What is multitasking?

I think this question is the crux of the matter. Those who warn against multitasking too often do so without defining what they’re even talking about. This article on Monster.com declares that “Multitasking makes you less productive,” “Multitasking makes you less effective,” and “Multitasking can slow down your brain,” but doesn’t ever say what multitasking is. This article in Forbes says, “A study at the University of London found that participants who multitasked during cognitive tasks experienced IQ score declines that were similar to what they’d expect if they had smoked marijuana or stayed up all night.” Pretty specific consequences, but again the precise multitasking behavior isn’t described whatsoever. Imagine an article saying that “drinking caused test subjects to be unable to walk in a straight line or speak clearly” without saying how much was drunk and of what. And yet “drinking” in this context is no more general than the term “multitasking.”

This article on Health.com at least gives a few examples: “We all do it: Texting while walking, sending emails during meetings, chatting on the phone while cooking dinner.” The problem is, these examples don’t add up to a specific type of behavior. Let’s apply this to my earlier example: “We all do it. Sharing a Heineken with our spouse. Having a glass of wine with dinner. Lining up eight shots on the bar and downing them one after another in the span of just a few minutes.”

In other words, I find fault with any article that implies all multitasking behaviors are equivalent. Sending emails during a meeting, I would argue, is more difficult than chatting on the phone while cooking dinner. It’s pointless to lump these activities together as a single behavior that should be avoided. To advise anybody on the effectiveness of multitasking, we need to define it better.

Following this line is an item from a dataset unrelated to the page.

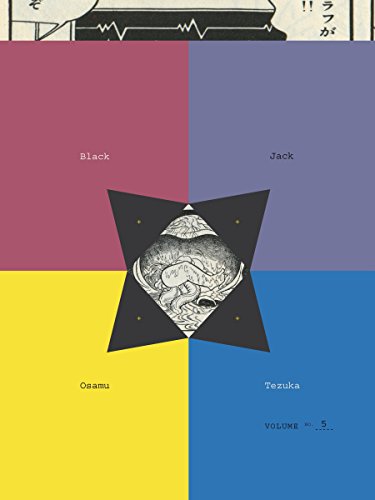 Algopix Similar Product 18 - Black Jack, Vol. 5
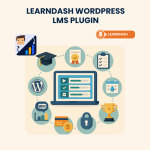 LearnDash – Installation & Troubleshooting Services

So what is multitasking, really?

At its most basic, multitasking is doing more than one thing at a time. I mean, duh. So, walking while chewing gum is multitasking. Singing in the shower is multitasking. Listening to music while driving is multitasking. So is knitting while watching instructive calculus videos at khanacademy.org. This last example is from real life … I caught my daughter trying to do this the other day. (I hope she did better on the test than on the scarf.)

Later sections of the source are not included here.